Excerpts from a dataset
>>>>>

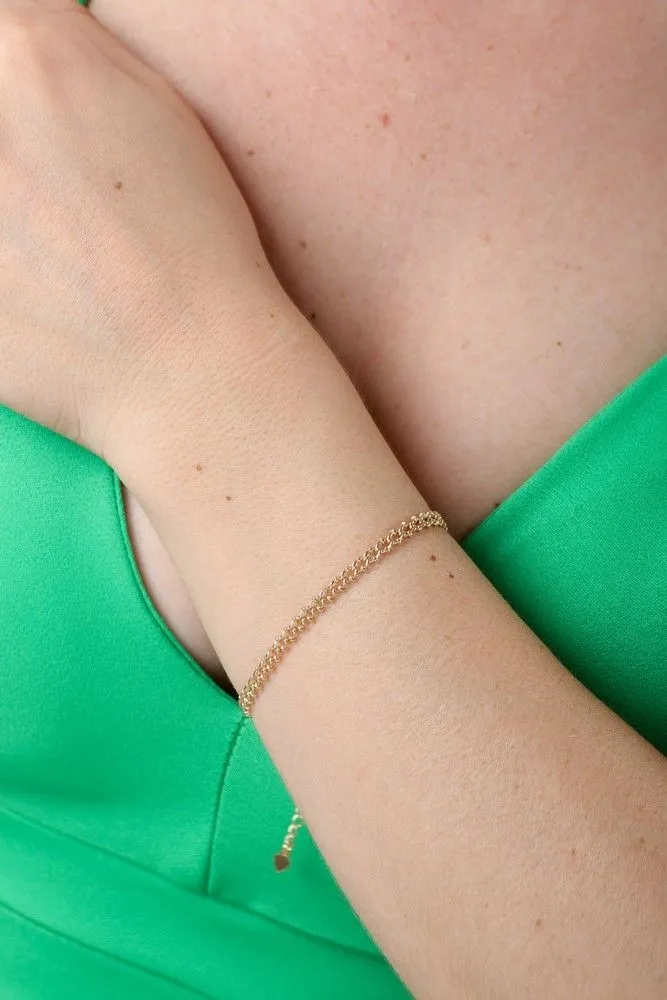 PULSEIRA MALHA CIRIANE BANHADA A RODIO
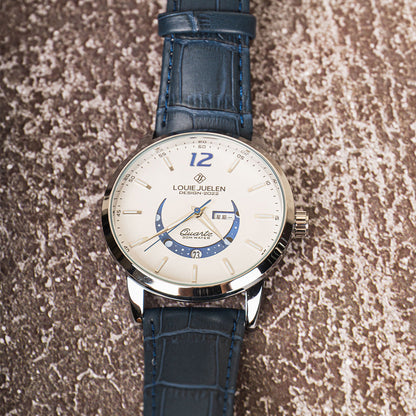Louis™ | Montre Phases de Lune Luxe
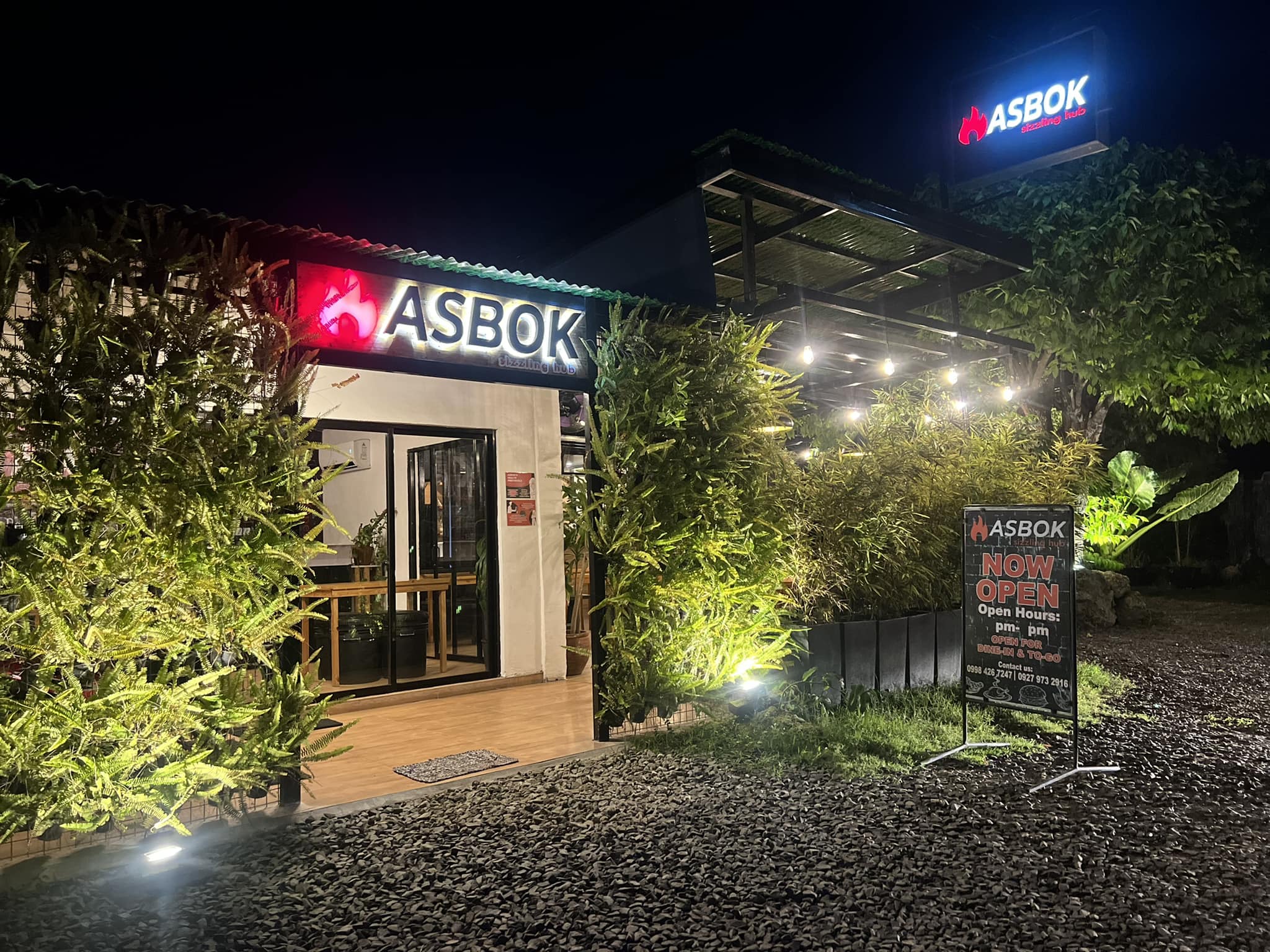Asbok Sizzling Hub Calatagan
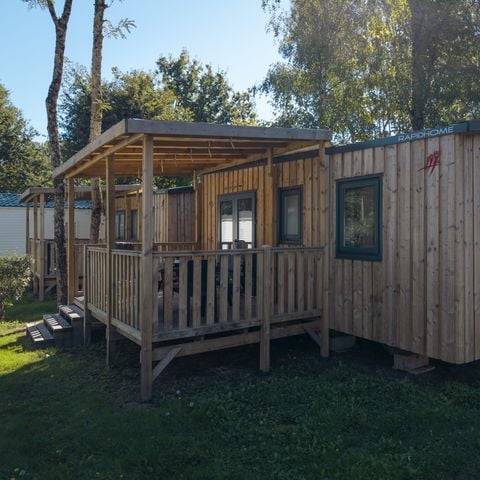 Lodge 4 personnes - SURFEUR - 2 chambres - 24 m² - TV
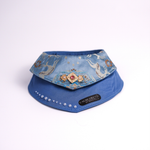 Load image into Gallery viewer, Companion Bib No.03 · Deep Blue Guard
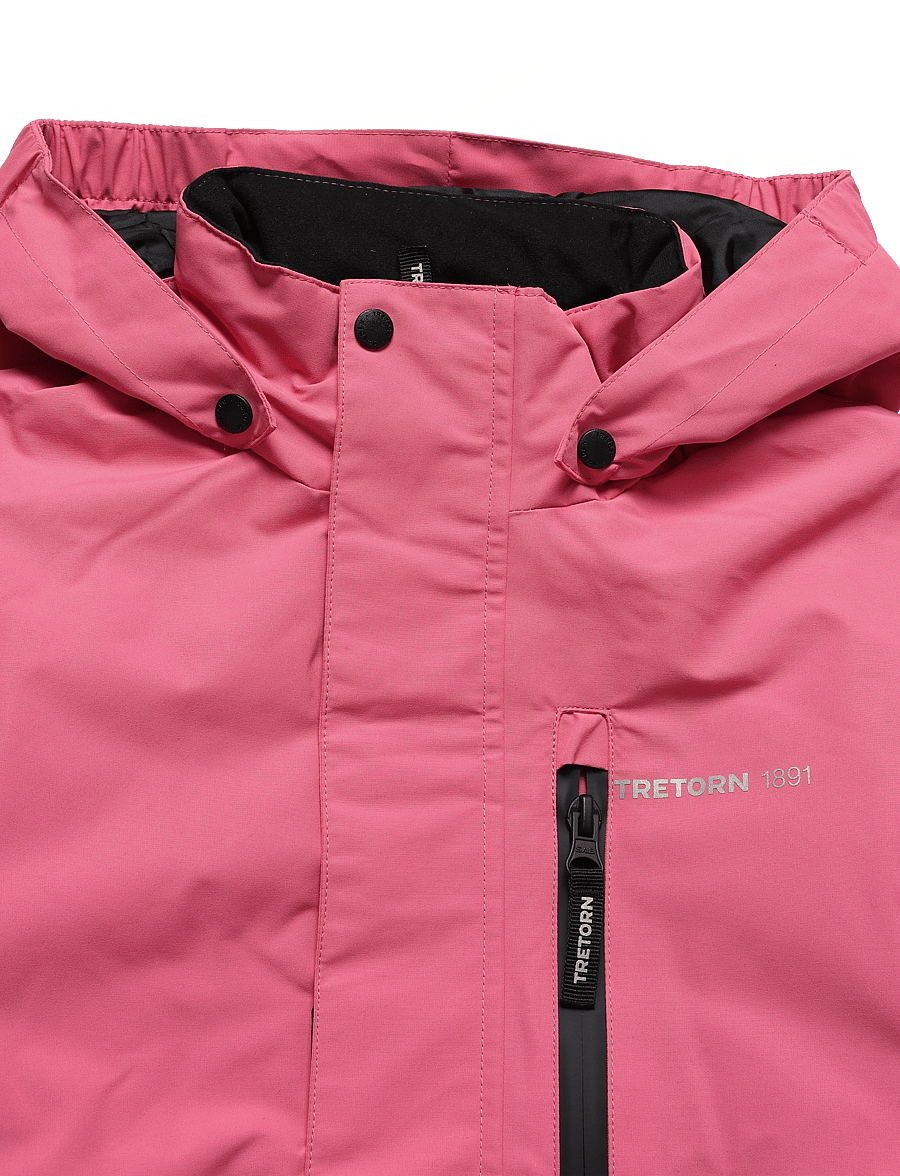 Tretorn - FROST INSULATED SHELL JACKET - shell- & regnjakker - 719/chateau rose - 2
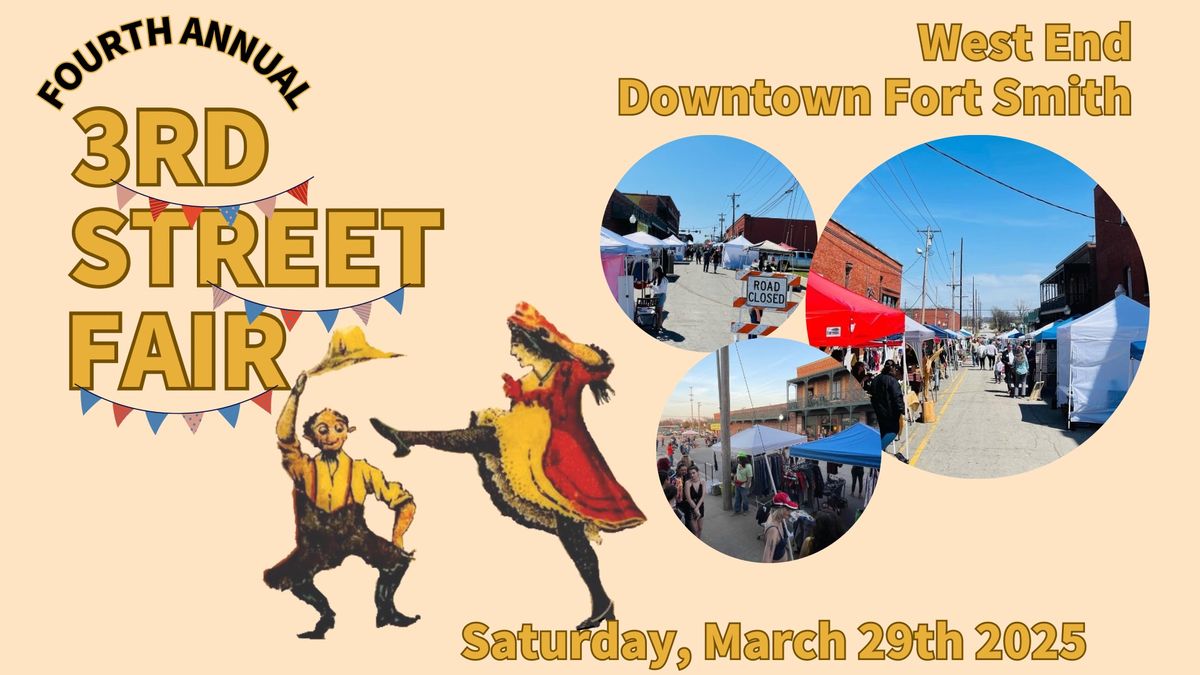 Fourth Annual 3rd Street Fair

<<<<<
>>>>>

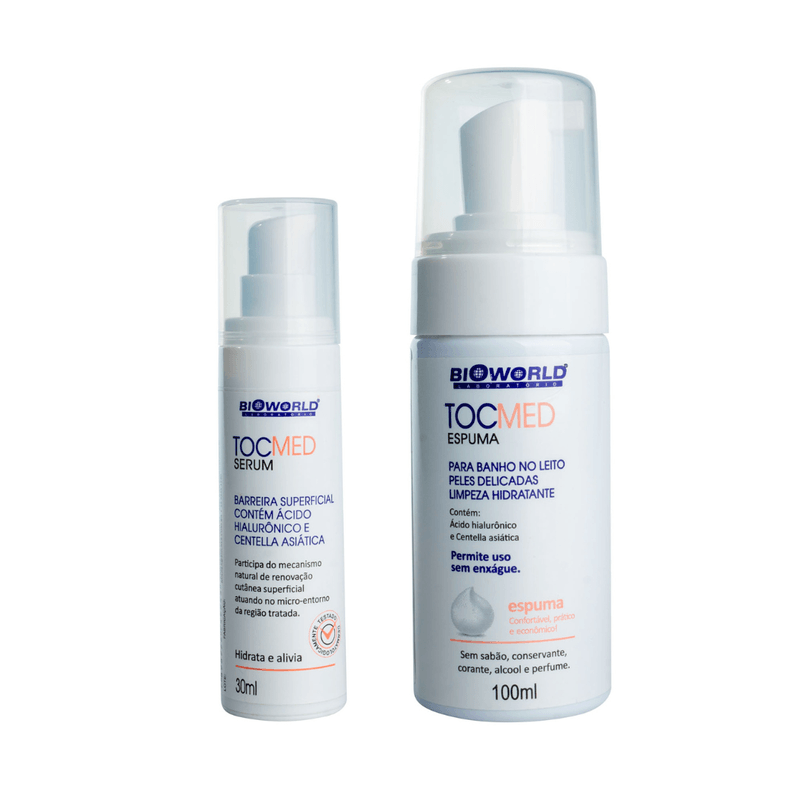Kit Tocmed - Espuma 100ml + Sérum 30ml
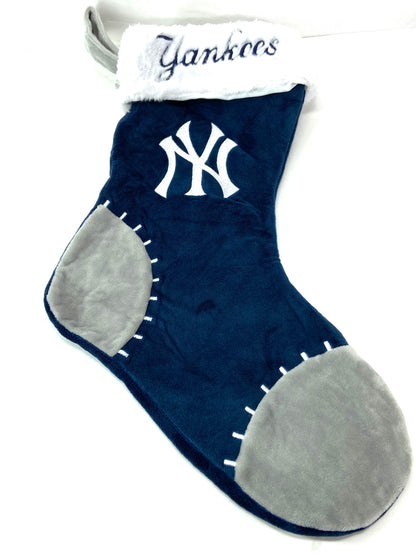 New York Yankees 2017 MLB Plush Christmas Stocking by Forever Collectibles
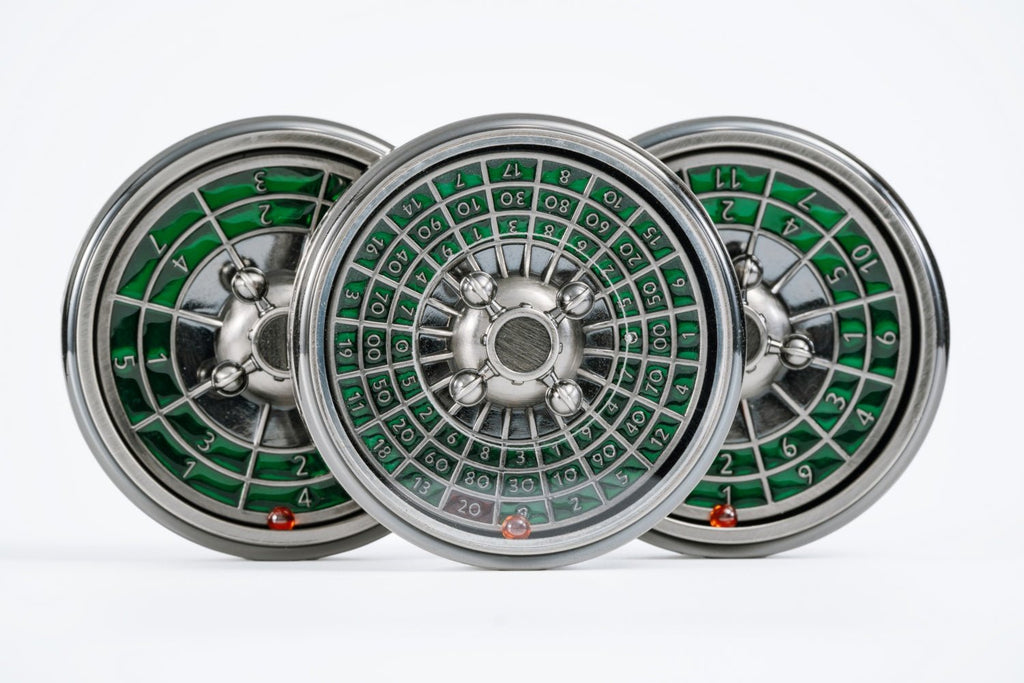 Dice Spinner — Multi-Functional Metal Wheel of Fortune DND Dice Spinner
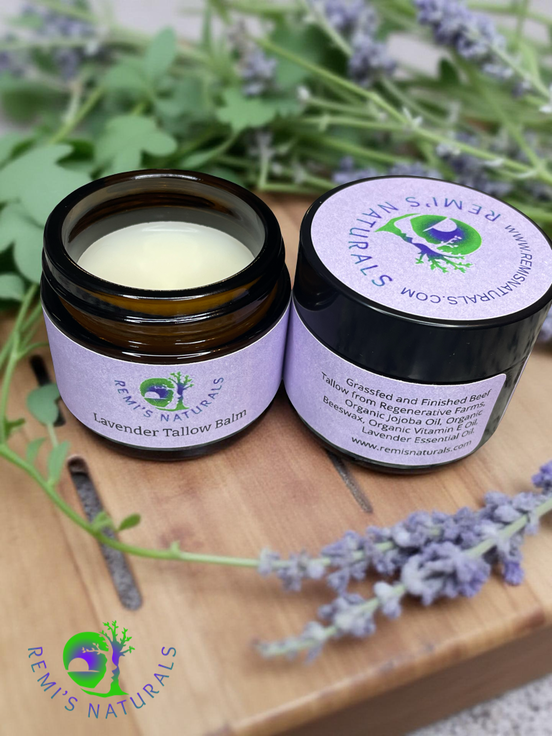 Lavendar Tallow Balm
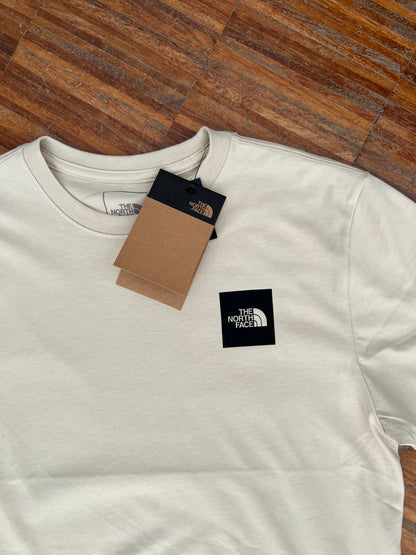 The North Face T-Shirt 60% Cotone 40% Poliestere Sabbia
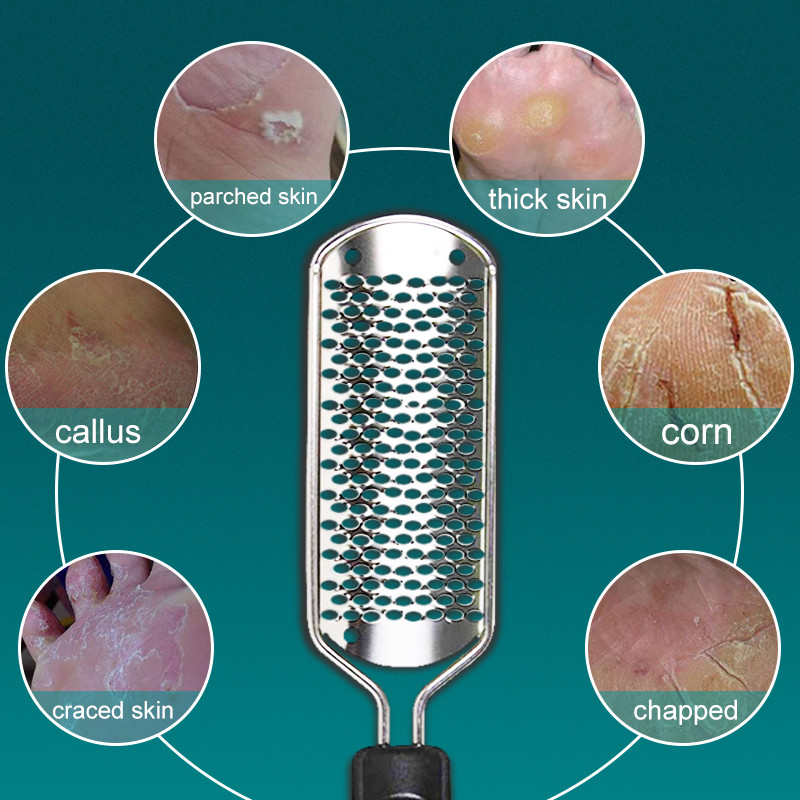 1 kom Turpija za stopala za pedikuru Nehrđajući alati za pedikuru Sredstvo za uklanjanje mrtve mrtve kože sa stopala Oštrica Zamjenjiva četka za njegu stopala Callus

<<<<<

* TASK STATEMENT *
Return only the stretch above from the line containing "PULSEIRA MALHA CIRIANE BANHADA A RODIO" through the line containing "Fourth Annual 3rd Street Fair", word for word and without pictures.

* EXERCISE RESPONSE *
 PULSEIRA MALHA CIRIANE BANHADA A RODIO
Louis™ | Montre Phases de Lune Luxe
Asbok Sizzling Hub Calatagan
 Lodge 4 personnes - SURFEUR - 2 chambres - 24 m² - TV
 Load image into Gallery viewer, Companion Bib No.03 · Deep Blue Guard
 Tretorn - FROST INSULATED SHELL JACKET - shell- & regnjakker - 719/chateau rose - 2
 Fourth Annual 3rd Street Fair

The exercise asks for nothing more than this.